At its core, it feels a bit like someone in Capcom towers took one look at Mario Maker and said “we’ll have a bit of that”, before applying some clever ingenuity to make it work within the confines of the Resi franchise.
But from the offset, it just works, remarkably and surprisingly well with little bumps in the road. As we alluded to, we couldn’t wait to boot up the game for another round again and again.
However, here’s one of the really exciting kickers. As the Mastermind, you can also assume control of the undead.
So you’re not just deploying the monsters, you’re also able to control them as you see fit.
We’ve also saved the best for last, because you can also play as Mr. X and he’s incredible.
When we say incredible, we don’t just mean to play as – which, frankly, we don’t even need to explain why it’s so satisfying to batter the living daylights out of the opposing team. But he’s also great fun from the perspective of the opposing team, as well.
Given Resident Evil has previously been such a solo experience, there’s actually something quite funny and enjoyable about four players collectively losing their nut when the trench coat wearing behemoth is quite literally plopped into the action, usually at the worse possible moment.
What (if any) are the downsides?
Right now, the main issue is one of balance, something Capcom were keen to stress they were aware of.
During our time with the game Mr. X, despite himself only having a limit of 90 seconds when he was deployed, was massively over powered. Laughably so in fact.
Though you often needed all four players to take him down, the reality was that it was best to split up when you saw the brute spawn to avoid a full team getting smashed in one huge melee.
Equally, at the time of writing the game only has one map to call on. Granted, it had four different pre-set’s which dictated different spawn points or placements for enemies or key items, but its still only one map.
So if you do reach a point where you and your squad become that well-oiled machine who can sweep aside all Masterminds, you could grow tired of the challenge.
Perhaps speedrunners, who should get a right kick out of the game, could still find some enjoyment in it, but more maps are definitely key to the longevity of this game we think.

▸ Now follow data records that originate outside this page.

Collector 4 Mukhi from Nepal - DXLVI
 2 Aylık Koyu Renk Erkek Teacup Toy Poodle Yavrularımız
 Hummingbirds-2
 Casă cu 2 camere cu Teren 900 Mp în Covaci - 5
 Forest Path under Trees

What's more, there’s certainly an issue with the first stage. For the survivors, it’s often a cakewalk. A complete bye so newcomers can get to grips with the game at hand.
And for the Mastermind, it’s also redundant, because the quest is often so easy that it's pointless expending any points putting up a fight. In truth, you may as well save the points (and your cards) for the next stage.

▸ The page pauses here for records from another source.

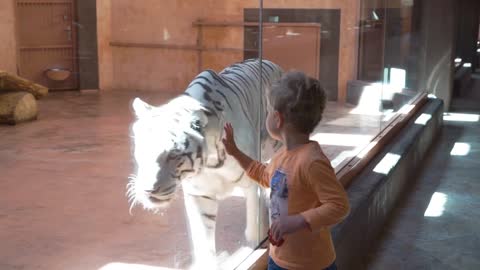 Little boy watch white tiger in the zoo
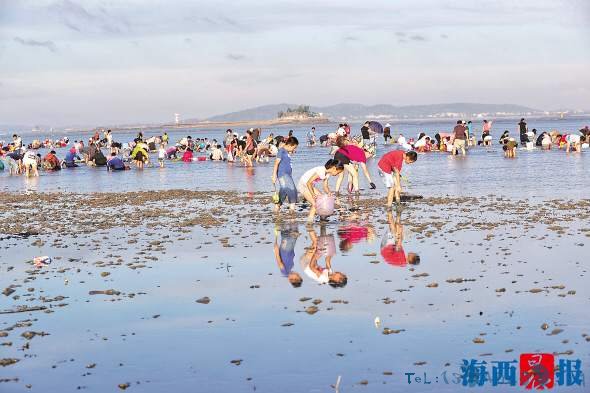 适逢大潮 厦门环岛路海滩众多市民游客潮间赶海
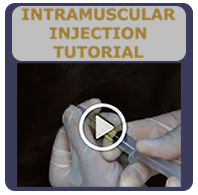 Watch Tutorial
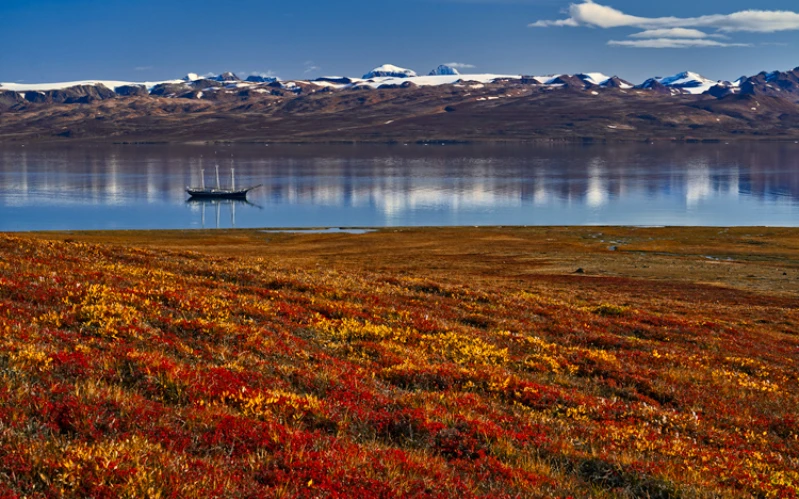 Day 8: Hurry Inlet & Scoresbysund – Fossils, Fjords & Arctic History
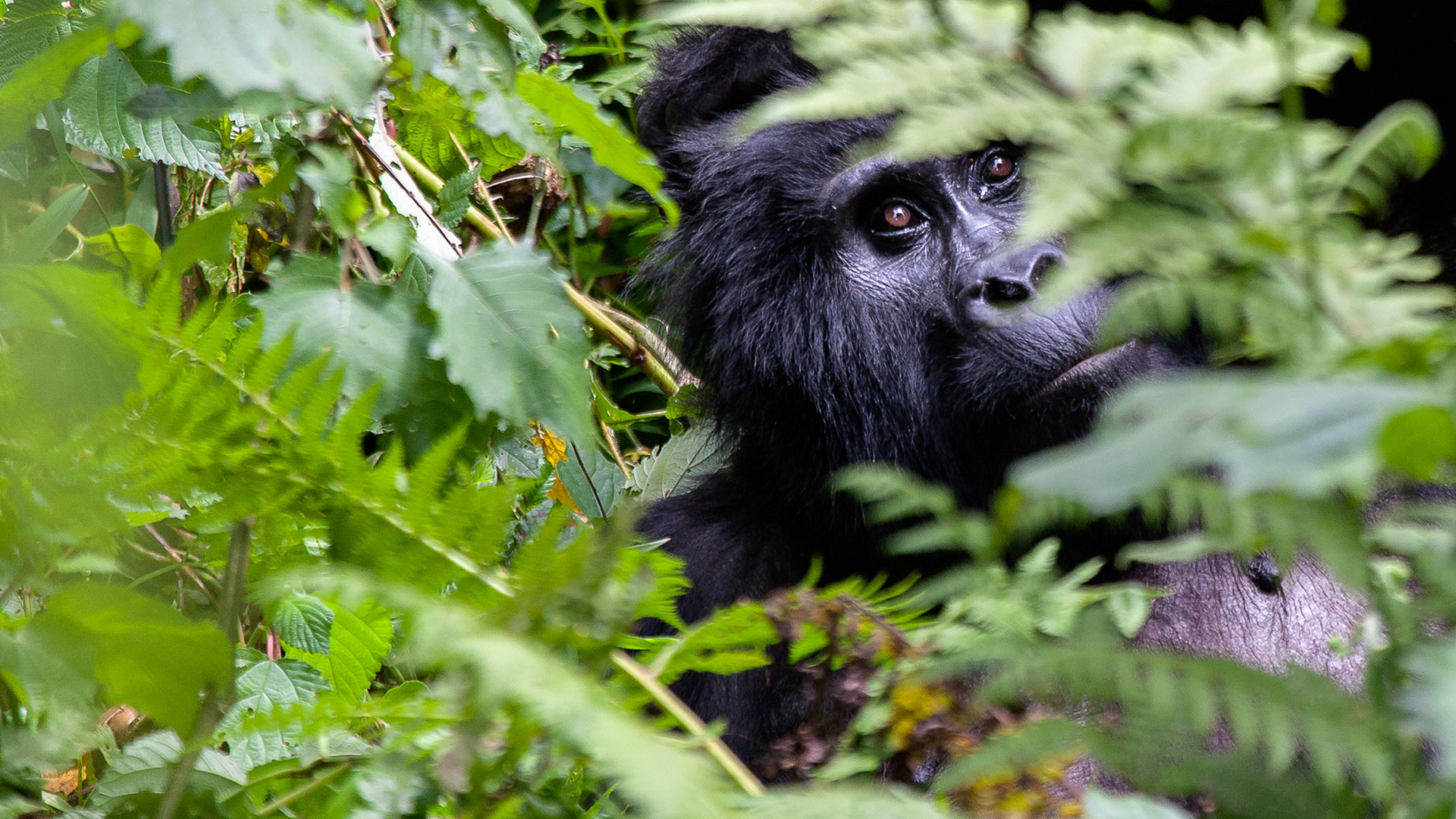 Gorilla Trekking in Rwanda 2025, 2026, 2027 and 2028 | Best Permits, Tours & Cost Guide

All this being said, Capcom was very clear with us that the game is still early in development.
That's why they're not announcing a release at Tokyo Game Show, but an upcoming beta test (more on that below), which will be very important for gathering fan feedback.

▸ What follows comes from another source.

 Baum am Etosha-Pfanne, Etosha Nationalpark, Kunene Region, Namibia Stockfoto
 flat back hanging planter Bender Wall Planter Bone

Even then, there was certainly no indication of the game having a release date or price anytime soon.
So really, the games biggest issue right now, as far as we can see, is a lack of content. It needs more maps, more layouts, more playgrounds for players and Masterminds to muck around in.
When that beta period rolls around we suspect you’ll be demanding more maps from the game just like us. Because we suspect that once Project Resistance has got its teeth into you, there’s no question you’re going to be hooked.
How can YOU play Project Resistance?
According to Capcom, there will be a special early access opportunity to playtest the game at the Tokyo Game Show.
In addition, Xbox Insider Program members and RE Ambassadors will be eligible for a chance to participate in the Project Resistance closed beta on PlayStation 4 and Xbox One.
The closed beta will run from October 4 through October 7.
Registration will be open between Sept. 11 and 18 at https://www.project-resistance.com
More details on Project Resistance and the closed beta will be revealed at a later date.